The Masters' Lessons in Swagger: Awards Shows, Are You Watching?
Golf's greatest event reminds me why the Academy needs to own its showbiz supremacy. Recognizing stunts is a good start

With apologies to Sean McNulty, who is usually the Ankler’s sole correspondent to the world of sports, I’d like to start this newsletter by talking about The Masters.
I promise this is a one-time digression, and that my knowledge of golf is exactly as limited as you might imagine. But I attended The Masters over the weekend, apparently in the company of Josh Allen and Eli Manning, though with phones prohibited and everyone wearing hats and sunglasses it’s a great place for pretty much anyone to go incognito.
The Masters, as you may have heard on television once or twice, is a tradition unlike any other, upheld by Augusta National Golf Club’s obsessive attention to detail and keeping things exactly the same, from the price of the pimiento cheese sandwiches to the fireplace in Butler Cabin. When you’re actually there year after year, you notice the small changes — bleachers where there was once grass, much nicer bathrooms — but they all align with Augusta National’s extremely strong brand of being a place where time stands still.

The Masters matters because Augusta National boasts a uniquely challenging and beautiful course, but also because the tournament says it matters, and everyone from players to patrons enters the club’s gates each April convinced they’ve crossed into some kind of earthly nirvana. You maintain that kind of reputation with consistent quality, sure, but also by never conceding for a moment that you are anything but the most important event in the world.
This is something I found myself yelling a lot about the Oscars in the past decade or so — see, now I’ve pivoted us back to more familiar territory. Sure, all awards shows, including the Emmys and Grammys, have their struggles with relevance and ratings.
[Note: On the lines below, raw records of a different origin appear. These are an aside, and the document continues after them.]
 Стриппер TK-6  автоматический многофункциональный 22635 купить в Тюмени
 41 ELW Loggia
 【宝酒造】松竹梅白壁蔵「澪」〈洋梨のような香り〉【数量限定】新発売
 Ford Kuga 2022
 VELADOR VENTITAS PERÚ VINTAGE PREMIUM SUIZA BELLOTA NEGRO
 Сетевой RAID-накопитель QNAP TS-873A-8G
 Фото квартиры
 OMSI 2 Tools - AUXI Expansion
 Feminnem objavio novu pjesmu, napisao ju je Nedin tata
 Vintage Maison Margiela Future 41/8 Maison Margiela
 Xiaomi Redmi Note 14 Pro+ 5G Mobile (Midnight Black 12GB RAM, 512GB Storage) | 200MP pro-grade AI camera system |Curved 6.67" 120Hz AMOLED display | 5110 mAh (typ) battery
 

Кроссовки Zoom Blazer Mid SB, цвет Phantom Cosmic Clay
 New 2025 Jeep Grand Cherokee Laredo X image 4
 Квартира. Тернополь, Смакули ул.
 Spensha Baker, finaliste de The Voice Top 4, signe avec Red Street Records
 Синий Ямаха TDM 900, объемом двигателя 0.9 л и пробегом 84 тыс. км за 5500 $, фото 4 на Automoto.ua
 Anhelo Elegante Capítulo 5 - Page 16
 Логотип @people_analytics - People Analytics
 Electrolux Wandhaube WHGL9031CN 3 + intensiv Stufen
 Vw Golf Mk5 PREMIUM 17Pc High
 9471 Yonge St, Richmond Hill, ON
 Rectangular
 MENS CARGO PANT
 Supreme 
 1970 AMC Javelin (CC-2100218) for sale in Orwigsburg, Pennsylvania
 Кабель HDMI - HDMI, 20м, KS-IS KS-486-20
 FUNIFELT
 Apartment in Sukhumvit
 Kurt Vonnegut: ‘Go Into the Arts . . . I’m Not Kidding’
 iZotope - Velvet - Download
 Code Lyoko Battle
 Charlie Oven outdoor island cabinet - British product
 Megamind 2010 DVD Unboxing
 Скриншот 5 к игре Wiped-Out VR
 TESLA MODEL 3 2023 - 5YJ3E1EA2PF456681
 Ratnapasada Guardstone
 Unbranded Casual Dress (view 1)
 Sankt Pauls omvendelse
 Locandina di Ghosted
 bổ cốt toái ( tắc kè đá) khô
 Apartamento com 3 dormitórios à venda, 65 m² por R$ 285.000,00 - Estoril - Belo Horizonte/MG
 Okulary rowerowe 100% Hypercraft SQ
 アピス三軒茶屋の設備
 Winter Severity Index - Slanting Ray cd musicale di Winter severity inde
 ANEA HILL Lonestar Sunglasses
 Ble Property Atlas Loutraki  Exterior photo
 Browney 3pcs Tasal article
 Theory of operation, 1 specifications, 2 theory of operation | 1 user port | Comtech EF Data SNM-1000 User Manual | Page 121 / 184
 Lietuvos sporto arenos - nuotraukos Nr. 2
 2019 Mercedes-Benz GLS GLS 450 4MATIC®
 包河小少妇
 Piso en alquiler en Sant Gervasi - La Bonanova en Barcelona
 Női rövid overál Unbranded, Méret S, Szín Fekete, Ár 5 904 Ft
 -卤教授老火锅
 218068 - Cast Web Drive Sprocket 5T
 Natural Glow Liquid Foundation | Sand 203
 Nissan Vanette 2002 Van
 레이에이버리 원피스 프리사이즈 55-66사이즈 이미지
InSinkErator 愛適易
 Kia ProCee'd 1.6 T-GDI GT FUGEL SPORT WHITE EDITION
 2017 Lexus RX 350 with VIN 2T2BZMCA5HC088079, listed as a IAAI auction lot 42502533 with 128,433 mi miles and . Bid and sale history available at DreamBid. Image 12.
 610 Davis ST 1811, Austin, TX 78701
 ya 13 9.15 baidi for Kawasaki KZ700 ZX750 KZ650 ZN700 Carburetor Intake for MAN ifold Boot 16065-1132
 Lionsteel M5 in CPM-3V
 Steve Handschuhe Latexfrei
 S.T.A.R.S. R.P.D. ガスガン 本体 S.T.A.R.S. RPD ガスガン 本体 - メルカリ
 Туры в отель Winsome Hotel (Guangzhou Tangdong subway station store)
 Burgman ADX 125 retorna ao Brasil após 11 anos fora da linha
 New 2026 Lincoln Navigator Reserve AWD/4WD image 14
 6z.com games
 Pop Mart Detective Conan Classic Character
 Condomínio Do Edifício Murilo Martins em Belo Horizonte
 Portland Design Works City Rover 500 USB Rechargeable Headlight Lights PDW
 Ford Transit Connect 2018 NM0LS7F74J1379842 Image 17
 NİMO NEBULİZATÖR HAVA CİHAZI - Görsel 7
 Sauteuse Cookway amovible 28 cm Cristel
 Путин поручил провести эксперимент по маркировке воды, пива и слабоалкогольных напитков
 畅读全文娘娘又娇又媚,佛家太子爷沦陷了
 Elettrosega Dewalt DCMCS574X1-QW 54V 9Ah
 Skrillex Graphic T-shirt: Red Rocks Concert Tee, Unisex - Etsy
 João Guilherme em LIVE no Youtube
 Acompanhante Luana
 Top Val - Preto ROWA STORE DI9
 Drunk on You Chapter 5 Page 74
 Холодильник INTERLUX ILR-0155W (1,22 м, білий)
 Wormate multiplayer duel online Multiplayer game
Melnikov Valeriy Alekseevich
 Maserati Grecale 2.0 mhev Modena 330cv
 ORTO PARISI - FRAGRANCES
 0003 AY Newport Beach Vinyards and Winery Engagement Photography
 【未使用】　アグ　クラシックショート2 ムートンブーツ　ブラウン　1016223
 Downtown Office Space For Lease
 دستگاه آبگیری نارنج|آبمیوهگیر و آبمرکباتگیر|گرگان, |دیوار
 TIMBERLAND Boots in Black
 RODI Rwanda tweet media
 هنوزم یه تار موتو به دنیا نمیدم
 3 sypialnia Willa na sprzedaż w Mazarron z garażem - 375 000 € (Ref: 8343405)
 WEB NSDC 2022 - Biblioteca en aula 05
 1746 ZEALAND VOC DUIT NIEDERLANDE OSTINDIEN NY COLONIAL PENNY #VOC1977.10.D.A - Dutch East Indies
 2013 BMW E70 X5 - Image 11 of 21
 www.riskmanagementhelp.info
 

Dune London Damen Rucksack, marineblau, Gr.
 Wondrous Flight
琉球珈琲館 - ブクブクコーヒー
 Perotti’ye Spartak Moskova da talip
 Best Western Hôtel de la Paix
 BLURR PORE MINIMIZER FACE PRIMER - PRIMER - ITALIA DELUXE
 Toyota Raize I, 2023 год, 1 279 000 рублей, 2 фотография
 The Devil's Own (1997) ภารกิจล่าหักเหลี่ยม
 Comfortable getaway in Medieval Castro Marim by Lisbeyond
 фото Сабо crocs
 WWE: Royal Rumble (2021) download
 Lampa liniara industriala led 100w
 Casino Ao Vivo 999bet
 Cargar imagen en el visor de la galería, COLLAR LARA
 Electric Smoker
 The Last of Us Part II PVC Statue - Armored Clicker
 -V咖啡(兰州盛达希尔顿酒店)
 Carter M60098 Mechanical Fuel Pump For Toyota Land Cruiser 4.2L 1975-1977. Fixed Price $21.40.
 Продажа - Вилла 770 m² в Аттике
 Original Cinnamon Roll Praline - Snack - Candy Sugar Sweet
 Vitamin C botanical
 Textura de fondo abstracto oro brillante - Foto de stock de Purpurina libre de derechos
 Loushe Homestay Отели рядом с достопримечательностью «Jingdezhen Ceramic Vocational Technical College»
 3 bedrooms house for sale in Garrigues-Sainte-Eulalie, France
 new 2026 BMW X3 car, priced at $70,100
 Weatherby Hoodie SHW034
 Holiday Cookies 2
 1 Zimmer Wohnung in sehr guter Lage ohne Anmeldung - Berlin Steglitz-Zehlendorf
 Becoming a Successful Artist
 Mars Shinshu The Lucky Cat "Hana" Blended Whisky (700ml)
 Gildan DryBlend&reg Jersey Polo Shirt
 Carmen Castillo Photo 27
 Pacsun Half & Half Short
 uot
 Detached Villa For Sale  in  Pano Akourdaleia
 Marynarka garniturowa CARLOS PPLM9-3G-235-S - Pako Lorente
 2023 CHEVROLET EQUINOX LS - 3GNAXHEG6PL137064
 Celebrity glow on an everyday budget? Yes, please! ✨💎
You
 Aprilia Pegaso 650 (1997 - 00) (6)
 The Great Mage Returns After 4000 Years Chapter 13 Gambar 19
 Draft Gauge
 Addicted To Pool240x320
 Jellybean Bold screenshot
But the Emmys has smartly tapped into nostalgia in recent years with its onstage reunions, and the Grammys this year went big on spectacle to create viral moments.
The Oscars, meanwhile, are the only show as old as the Masters — older, actually! — and with the same legitimate claim to upholding valuable tradition.But between ratings stunts, smarmy hosts and gambits that made it seem like the show was actively uninterested in its own winners, too many modern Academy Awards telecasts have lacked the swaggering confidence required, leaving room for the audience to have its own doubts. If the Oscars are so convinced they’ve overstayed their welcome that they roll out a jet ski onstage, why wouldn’t the audience agree?
In recent years the Oscars have walked back from this kind of self-own, embracing more reverence for the awards’ legacy and offering some old-fashioned Hollywood spectacle, like Ariana Grande and Cynthia Erivo’s show-opening performance this year. These moments, I swear to you, really do make a difference. As the Oscars approaches 100 I’d love to see it acting even more, yes, like The Masters: two old, slow-moving institutions that can embrace change when it really matters but maintain the traditions and grandeur that make everyone revere them in the first place.
And one more thing: The Oscars, and every other live television event on earth, should do everything in their power to replicate the cinematic, incredibly moving tracking shot of winner Rory McIlroy as he exited the course on Sunday evening, celebrating his first win at Augusta after 17 tournaments there. I know oners are all the rage on television these days, but nothing even comes close to this.
The Academy’s Amazing Stunt
Speaking of change that really matters: The Academy announced late last week that it would be adding a category for stunts, following years of lobbying from stunt professionals. Much like the casting Oscar announced a few years ago, it’s an addition that actually puts more attention on the part of the awards show that should actually matter most: the awards, duh!
The Academy’s announcement on Thursday kept the details about this new category, which won’t be awarded until the 2028 Oscars, pretty vague. It’s still unclear who will be honored by the “Achievement in Stunt Design” category. By mentioning that “the specifics of this award’s presentation will be determined at a future date,” they left room for this new statuette, as well as the new casting Oscar (debuting next year), to be awarded outside of the main ceremony. (Get ready for a whole new round of hand-wringing if that actually happens.)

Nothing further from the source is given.